Dataset entries:
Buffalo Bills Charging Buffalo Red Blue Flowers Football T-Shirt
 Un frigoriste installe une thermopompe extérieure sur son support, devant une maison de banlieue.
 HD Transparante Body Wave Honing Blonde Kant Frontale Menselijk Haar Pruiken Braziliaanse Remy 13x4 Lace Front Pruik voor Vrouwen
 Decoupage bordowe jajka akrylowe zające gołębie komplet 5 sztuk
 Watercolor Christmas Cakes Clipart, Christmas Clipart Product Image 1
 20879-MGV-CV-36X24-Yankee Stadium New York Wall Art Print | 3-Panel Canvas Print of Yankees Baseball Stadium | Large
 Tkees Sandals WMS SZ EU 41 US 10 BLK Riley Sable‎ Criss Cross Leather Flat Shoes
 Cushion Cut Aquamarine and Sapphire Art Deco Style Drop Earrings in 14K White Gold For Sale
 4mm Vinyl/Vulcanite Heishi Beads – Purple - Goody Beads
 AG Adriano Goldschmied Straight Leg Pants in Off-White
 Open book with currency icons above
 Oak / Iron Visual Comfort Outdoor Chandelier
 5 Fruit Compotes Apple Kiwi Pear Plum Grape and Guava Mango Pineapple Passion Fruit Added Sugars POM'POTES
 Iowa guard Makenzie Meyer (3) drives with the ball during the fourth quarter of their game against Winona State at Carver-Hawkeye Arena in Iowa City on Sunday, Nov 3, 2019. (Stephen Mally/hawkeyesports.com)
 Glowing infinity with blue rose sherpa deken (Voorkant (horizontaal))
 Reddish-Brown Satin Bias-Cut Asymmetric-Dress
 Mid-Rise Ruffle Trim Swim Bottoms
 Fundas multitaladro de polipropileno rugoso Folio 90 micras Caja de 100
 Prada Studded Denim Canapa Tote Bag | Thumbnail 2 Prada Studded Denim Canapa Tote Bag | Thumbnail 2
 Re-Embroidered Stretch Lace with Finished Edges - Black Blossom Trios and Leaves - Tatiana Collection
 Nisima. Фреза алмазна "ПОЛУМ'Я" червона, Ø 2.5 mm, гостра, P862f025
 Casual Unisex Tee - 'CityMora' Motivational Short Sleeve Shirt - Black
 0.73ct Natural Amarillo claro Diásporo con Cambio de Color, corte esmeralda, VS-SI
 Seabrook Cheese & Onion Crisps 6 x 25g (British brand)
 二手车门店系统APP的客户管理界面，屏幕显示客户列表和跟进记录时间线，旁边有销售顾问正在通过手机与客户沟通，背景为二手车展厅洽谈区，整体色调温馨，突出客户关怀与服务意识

_Task_
Where the records above contain a line with "Re-Embroidered Stretch Lace", repeat that line and each later line through the end, exactly, and nothing more.

_Solution to the exercise_
 Re-Embroidered Stretch Lace with Finished Edges - Black Blossom Trios and Leaves - Tatiana Collection
 Nisima. Фреза алмазна "ПОЛУМ'Я" червона, Ø 2.5 mm, гостра, P862f025
 Casual Unisex Tee - 'CityMora' Motivational Short Sleeve Shirt - Black
 0.73ct Natural Amarillo claro Diásporo con Cambio de Color, corte esmeralda, VS-SI
 Seabrook Cheese & Onion Crisps 6 x 25g (British brand)
 二手车门店系统APP的客户管理界面，屏幕显示客户列表和跟进记录时间线，旁边有销售顾问正在通过手机与客户沟通，背景为二手车展厅洽谈区，整体色调温馨，突出客户关怀与服务意识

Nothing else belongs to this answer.